Albert: je t'aimerais encore davantage, s'il était possible!»

Consuelo, qui avait cru bien faire en rappelant au comte de Rudolstadt

La différence de leurs origines et de leurs conditions, se souvint de ce

qu'Amélie lui avait appris des sympathies d'Albert pour les pauvres et

les vagabonds. Elle craignit de s'être abandonnée involontairement à un

sentiment de coquetterie instinctive, et garda le silence.

Mais Albert le rompit au bout de quelques instants.

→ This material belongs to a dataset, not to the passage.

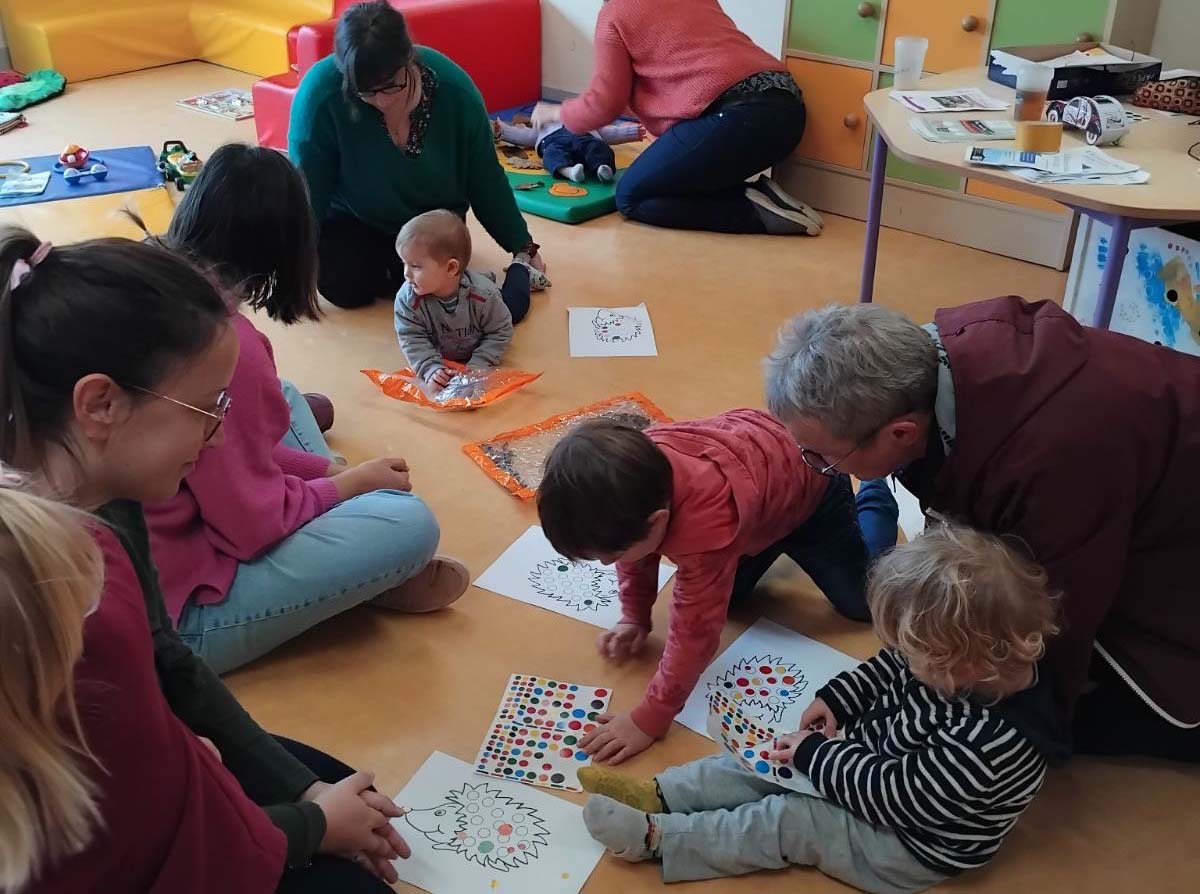 samedis en famille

«Ce que vous venez de m'apprendre, dit-il, a réveillé en moi, par je ne

sais quel enchaînement d'idées, un souvenir de ma jeunesse, assez puéril,

mais qu'il faut que je vous raconte, parce que, depuis que je vous ai vue,

il s'est présenté plusieurs fois à ma mémoire avec une sorte d'insistance.

Appuyez-vous sur moi davantage, pendant que je vous parlerai, chère soeur.

«J'avais environ quinze ans; je revenais seul, un soir, par un des

sentiers qui côtoient le Schreckenstein, et qui serpentent sur les

collines, dans la direction du château. Je vis devant moi une femme grande

et maigre, misérablement vêtue, qui portait un fardeau sur ses épaules,

et qui s'arrêtait de roche en roche pour s'asseoir et reprendre haleine.

Je l'abordai. Elle était belle, quoique hâlée par le soleil et flétrie par

la misère et le souci. Il y avait sous ses haillons une sorte de fierté

douloureuse; et lorsqu'elle me tendit la main, elle eut l'air de commander

à ma pitié plutôt que de l'implorer. Je n'avais plus rien dans ma bourse,

et je la priai de venir avec moi jusqu'au château, où je pourrais lui

offrir des secours, des aliments, et un gîte pour la nuit.

«--Je l'aime mieux ainsi, me répondit-elle avec un accent étranger que je

pris pour celui des vagabonds égyptiens; car je ne savais pas à cette

époque les langues que j'ai apprises depuis dans mes voyages. Je pourrai,

ajouta-t-elle, vous payer l'hospitalité que vous m'offrez, en vous faisant

entendre quelques chansons des divers pays que j'ai parcourus. Je demande

rarement l'aumône; il faut que j'y sois forcée par une extrême détresse.

--Pauvre femme! lui dis-je, vous portez un fardeau bien lourd; vos

pauvres pieds presque nus sont blessés. Donnez-moi ce paquet, je le

porterai jusqu'à ma demeure, et vous marcherez plus librement.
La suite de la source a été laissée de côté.